### [Task requirements]
Your output should be the lines below from the one with "Satya Nadella 发文宣布 Sam Altman 加入微软" through the one with "SCOOTNGO Mobility Scooters", copied exactly, pictures excluded.

### [Record extracts]
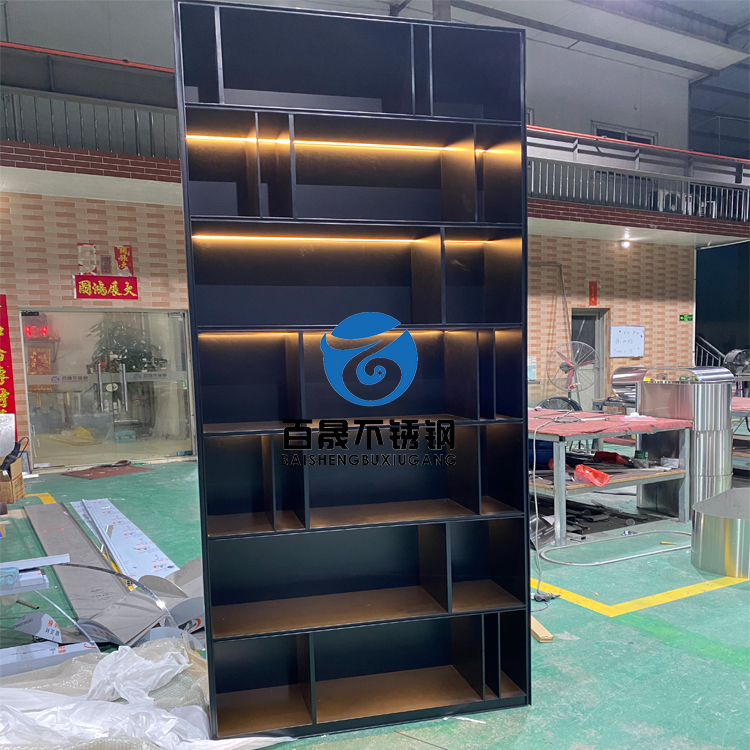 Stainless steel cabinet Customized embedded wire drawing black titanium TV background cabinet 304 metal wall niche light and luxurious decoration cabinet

--

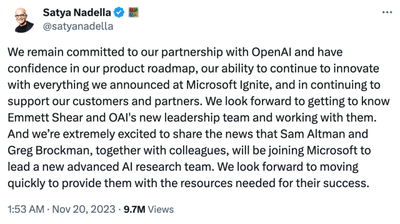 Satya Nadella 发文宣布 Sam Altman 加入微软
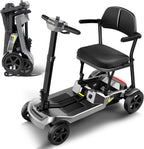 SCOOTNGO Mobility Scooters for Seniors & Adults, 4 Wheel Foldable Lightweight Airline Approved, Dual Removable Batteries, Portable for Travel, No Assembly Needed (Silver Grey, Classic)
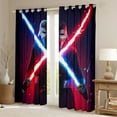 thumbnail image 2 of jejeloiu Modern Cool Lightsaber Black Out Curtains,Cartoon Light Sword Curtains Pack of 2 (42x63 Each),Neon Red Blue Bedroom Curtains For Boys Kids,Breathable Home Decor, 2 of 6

### [Response area]
 Satya Nadella 发文宣布 Sam Altman 加入微软
 SCOOTNGO Mobility Scooters for Seniors & Adults, 4 Wheel Foldable Lightweight Airline Approved, Dual Removable Batteries, Portable for Travel, No Assembly Needed (Silver Grey, Classic)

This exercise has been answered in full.